Le groupe d’intérêt NiPro (projets à bas seuil), composé de spécialistes en matière de soutien aux jeunes ainsi que du centre de compétence Leaving Care, a élaboré une nouvelle prise de position. Intitulée «De la nécessité d’un soutien à bas seuil et axé sur les besoins des jeunes», elle comprend six revendications centrales visant à améliorer le système de soutien pour les jeunes dans des situations de vie particulièrement difficiles et complexes.

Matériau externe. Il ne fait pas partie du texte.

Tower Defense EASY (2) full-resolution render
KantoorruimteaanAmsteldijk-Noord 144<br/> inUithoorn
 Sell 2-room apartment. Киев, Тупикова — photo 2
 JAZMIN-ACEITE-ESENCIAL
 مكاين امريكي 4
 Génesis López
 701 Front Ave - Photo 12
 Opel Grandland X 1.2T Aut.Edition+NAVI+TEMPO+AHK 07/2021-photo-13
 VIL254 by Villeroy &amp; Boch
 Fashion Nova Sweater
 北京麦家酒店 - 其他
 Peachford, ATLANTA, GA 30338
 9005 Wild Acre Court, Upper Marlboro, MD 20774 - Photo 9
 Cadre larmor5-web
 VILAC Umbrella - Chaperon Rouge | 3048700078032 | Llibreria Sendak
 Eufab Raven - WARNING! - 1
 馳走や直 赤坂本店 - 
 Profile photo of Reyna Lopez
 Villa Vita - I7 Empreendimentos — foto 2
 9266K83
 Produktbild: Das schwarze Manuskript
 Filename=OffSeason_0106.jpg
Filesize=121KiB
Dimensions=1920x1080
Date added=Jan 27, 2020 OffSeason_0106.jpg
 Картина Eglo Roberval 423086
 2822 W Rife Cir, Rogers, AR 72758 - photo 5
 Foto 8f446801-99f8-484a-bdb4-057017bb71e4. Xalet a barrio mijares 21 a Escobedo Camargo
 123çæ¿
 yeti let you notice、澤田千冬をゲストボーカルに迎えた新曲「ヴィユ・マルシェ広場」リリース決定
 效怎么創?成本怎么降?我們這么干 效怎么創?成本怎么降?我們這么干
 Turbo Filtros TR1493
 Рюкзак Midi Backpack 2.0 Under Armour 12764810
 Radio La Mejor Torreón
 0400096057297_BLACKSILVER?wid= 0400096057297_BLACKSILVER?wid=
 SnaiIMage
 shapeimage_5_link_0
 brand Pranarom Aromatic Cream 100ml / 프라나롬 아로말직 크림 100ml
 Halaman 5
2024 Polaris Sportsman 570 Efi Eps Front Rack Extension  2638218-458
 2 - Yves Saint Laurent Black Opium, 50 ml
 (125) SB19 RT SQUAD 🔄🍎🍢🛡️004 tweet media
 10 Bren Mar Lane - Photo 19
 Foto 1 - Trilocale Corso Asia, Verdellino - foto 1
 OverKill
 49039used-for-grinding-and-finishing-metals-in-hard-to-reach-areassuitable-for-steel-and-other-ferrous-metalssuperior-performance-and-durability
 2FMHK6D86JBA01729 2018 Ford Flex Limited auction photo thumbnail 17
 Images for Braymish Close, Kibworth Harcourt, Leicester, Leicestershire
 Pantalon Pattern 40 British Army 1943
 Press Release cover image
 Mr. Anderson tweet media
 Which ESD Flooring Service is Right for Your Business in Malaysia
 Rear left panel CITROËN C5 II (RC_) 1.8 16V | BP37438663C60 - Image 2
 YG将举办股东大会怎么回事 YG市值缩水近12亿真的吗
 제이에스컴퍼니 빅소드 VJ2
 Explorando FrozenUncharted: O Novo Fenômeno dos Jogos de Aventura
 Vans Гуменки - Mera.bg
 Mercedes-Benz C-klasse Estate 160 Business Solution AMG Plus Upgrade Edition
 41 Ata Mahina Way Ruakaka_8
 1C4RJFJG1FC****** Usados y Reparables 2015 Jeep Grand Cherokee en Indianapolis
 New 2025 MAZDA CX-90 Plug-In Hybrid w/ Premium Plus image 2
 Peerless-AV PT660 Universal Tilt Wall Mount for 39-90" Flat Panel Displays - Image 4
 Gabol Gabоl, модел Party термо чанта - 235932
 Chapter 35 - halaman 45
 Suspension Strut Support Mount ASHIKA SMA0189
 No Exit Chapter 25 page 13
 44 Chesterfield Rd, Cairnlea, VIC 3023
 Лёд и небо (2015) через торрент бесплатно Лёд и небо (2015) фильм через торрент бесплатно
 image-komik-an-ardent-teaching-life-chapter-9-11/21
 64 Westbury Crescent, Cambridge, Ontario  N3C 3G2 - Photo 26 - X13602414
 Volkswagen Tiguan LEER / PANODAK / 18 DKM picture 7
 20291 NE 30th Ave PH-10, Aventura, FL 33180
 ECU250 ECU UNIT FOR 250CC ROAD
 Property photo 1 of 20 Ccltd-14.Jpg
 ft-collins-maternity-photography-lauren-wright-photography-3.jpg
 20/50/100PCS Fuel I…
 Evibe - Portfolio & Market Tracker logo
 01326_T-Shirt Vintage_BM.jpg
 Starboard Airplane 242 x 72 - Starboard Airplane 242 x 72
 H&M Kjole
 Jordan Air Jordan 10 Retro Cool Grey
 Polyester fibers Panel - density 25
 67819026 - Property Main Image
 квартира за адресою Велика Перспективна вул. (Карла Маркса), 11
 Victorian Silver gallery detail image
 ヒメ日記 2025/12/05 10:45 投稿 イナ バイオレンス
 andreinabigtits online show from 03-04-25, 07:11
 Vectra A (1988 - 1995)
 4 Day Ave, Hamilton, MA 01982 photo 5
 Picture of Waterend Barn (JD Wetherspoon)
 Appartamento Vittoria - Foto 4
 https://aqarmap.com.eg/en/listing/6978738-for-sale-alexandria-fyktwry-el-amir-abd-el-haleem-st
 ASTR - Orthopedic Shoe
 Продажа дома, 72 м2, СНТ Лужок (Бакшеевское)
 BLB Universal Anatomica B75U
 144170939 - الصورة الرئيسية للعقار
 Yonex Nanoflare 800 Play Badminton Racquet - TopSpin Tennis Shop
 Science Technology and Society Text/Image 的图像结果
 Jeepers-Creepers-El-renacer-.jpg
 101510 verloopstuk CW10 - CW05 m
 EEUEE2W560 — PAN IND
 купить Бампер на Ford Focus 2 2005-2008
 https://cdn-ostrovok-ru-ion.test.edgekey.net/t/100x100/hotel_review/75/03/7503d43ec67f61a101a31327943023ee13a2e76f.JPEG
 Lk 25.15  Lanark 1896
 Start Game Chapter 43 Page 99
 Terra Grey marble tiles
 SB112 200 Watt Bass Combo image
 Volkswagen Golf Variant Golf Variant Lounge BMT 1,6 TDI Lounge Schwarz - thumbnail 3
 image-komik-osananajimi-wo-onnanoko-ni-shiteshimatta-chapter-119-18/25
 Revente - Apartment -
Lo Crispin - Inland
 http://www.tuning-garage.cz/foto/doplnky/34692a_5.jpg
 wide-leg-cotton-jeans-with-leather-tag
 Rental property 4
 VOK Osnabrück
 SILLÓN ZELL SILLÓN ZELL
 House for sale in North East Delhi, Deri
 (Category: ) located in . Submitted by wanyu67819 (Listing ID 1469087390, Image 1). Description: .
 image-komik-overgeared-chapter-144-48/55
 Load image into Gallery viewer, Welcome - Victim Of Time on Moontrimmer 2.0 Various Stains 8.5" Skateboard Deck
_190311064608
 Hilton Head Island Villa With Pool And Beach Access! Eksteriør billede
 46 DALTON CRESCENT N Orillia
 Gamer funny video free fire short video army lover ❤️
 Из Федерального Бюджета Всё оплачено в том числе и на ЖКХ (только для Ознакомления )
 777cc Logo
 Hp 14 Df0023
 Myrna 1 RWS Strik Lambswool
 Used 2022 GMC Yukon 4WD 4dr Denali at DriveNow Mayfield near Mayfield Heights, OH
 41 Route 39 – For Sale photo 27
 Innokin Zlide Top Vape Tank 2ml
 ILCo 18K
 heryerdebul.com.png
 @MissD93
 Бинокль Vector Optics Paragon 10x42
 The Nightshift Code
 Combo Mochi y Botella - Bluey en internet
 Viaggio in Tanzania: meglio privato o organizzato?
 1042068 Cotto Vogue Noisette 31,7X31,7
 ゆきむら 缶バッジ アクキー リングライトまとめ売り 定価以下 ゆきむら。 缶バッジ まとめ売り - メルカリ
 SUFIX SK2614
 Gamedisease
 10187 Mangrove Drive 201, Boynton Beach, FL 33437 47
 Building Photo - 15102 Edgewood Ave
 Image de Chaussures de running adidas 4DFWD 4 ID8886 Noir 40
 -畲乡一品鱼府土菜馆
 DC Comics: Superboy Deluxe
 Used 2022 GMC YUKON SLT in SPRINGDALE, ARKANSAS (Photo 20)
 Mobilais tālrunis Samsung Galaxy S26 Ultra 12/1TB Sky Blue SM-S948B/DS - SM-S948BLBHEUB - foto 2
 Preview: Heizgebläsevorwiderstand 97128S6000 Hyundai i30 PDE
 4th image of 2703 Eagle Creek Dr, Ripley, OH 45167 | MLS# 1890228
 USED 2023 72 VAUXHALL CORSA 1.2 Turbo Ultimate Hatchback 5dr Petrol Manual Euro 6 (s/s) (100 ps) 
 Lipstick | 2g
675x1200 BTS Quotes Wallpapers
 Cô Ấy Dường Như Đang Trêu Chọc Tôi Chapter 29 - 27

  • Les jeunes ont besoin d’un soutien adapté à leurs besoins pour faire face aux difficultés de la vie.
  • Il faut des offres facilement accessibles pour accompagner les jeunes dans les périodes de transition.
  • Il faut une compréhension globale de l’éducation qui inclut l’apprentissage quotidien.
  • Il faut une aide coordonnée au niveau institutionnel et organisationnel pour répondre aux divers besoins d’aide.
  • Il faut réglementer le financement des services de soutien à bas seuil et axés sur les besoins.
  • Il faut développer des structures à différents niveaux pour permettre la mise en place d’offres à bas seuil et axées sur les besoins.

Ces revendications s’adressent aux parties prenantes participant au financement, au développement et à la mise en œuvre d’offres dans les domaines professionnel, scientifique et politique.